© Reuters. FILE PHOTO: An attendee holds two titanium Apple Watch Edition smart watches in the demonstration area during a launch event at their headquarters in Cupertino, California, U.S., September 10, 2019. REUTERS/Stephen Lam
By Blake Brittain
(Reuters) -The Biden Administration has decided not to overrule a U.S. International Trade Commission decision that could block imports of Apple Inc (NASDAQ:)’s Apple Watches for infringing AliveCor Inc patents related to heart monitoring, AliveCor said Tuesday.
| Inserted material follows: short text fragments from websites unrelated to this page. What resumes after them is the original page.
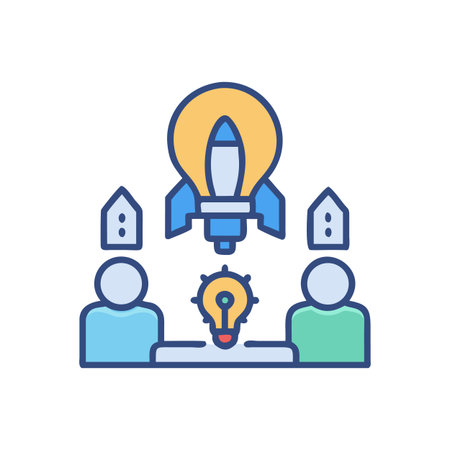 Team brainstorming for new business ventures with innovative ideas and digital solutionsのイラスト素材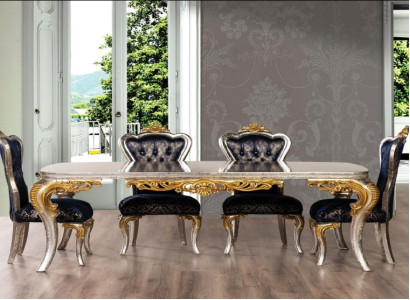 Table Dining table Dining room table Dining room Wood Tables Baroque Dining Luxury Furniture new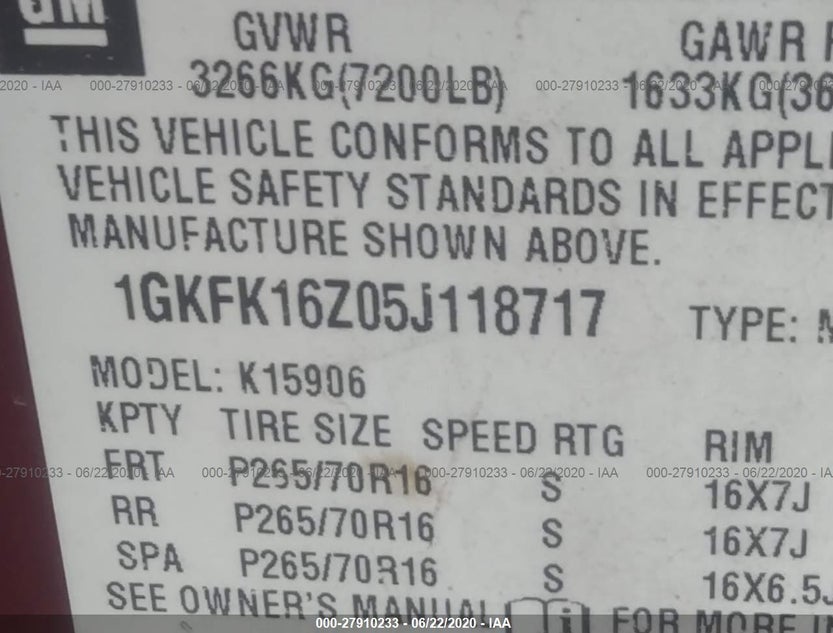1GKFK16Z05J118717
An AliveCor spokesperson said the office of the U.S. Trade Representative told the company it would not veto the decision. Any ITC ban is still on hold while Apple and AliveCor continue to clash over the patents.
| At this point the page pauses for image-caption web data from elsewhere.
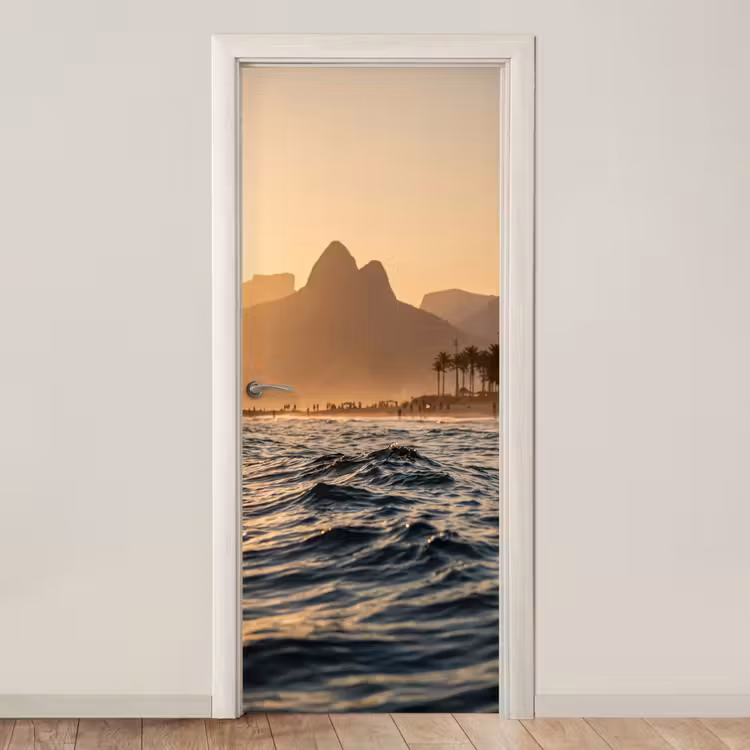 Zee - Golven - Zonsondergang - Kust - Goud deurposter klein -3d_beige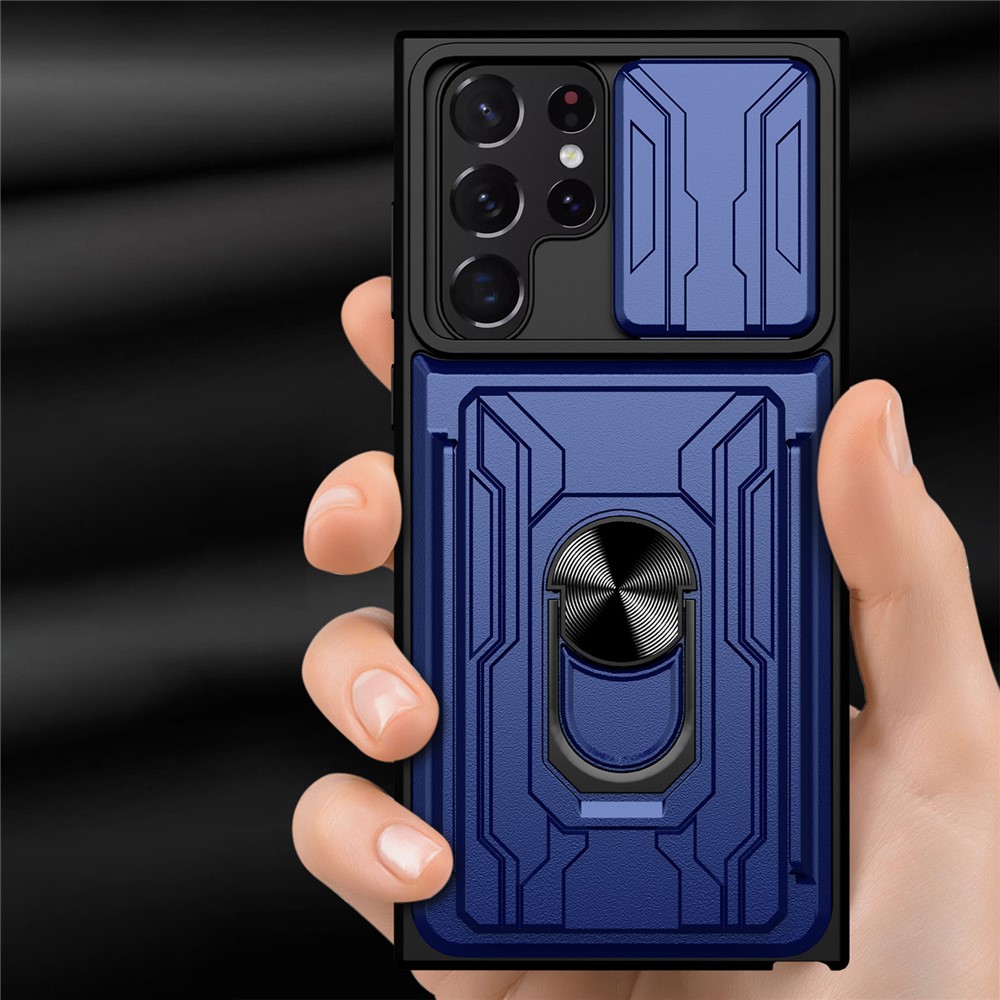 For Samsung Galaxy S22 Ultra 5G Card Holder Slot Ring Kickstand Design Slide Camera Cover PC + TPU Hybrid Case - Sapphire-8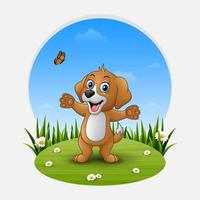 cartone animato contento cane su il erba vettore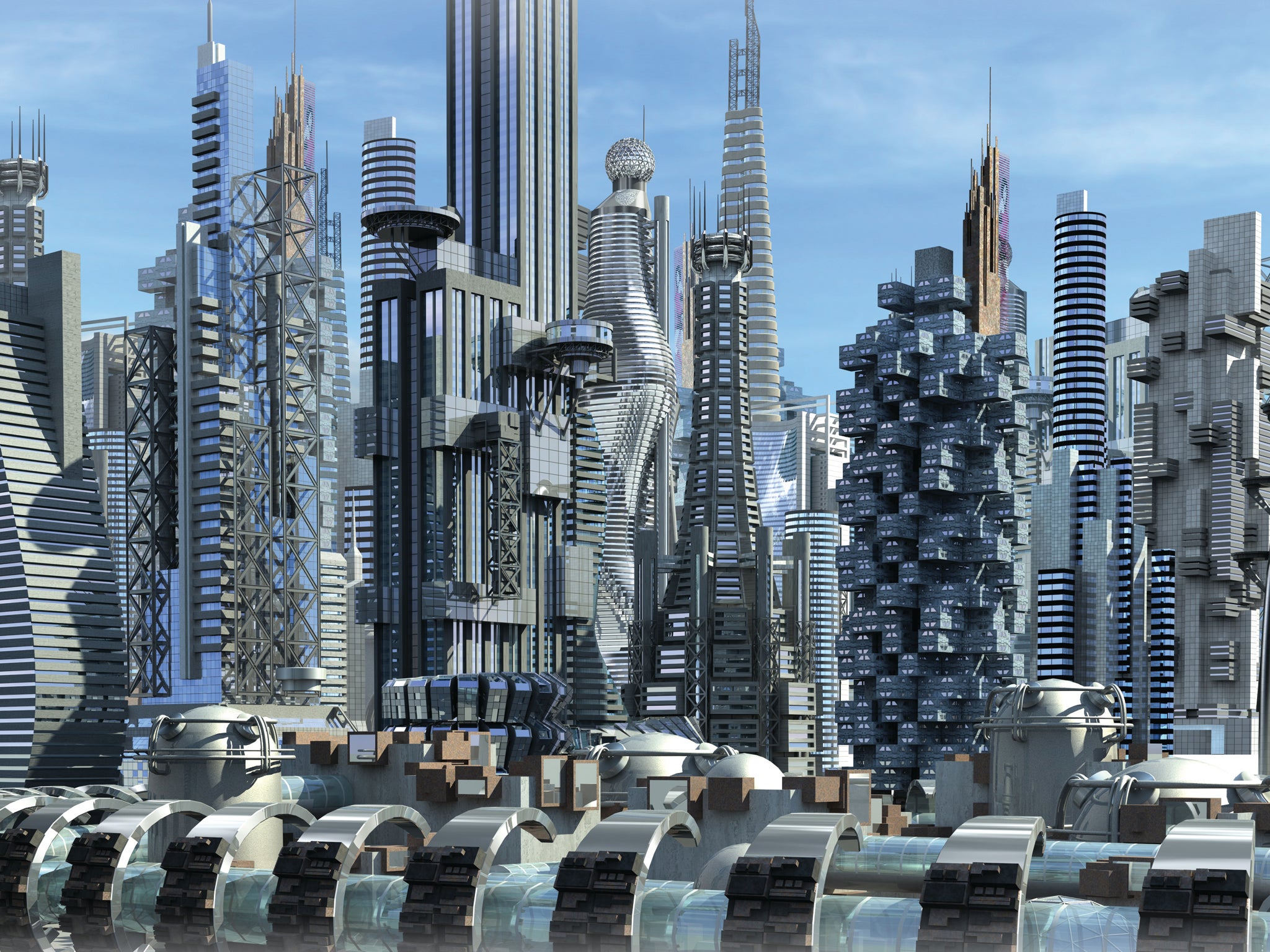 An artist’s impression of a city in AD3000. National governments are already in competition to position themselves on the politico-economic landscape through robotics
The ITC ruled in December that imports of Apple’s smartwatches should be banned for infringing AliveCor’s patents, but it placed the ban on pause while related proceedings over the patents run their course. The U.S. Patent and Trademark Office found the patents invalid earlier that month, in a ruling that AliveCor has said it will appeal.
Apple said Tuesday it will appeal the ITC’s import ban decision, which it said would have a negative effect on public health.
Representatives for the White House did not immediately respond to a request for comment Tuesday. The trade representative’s office and the ITC had no comment.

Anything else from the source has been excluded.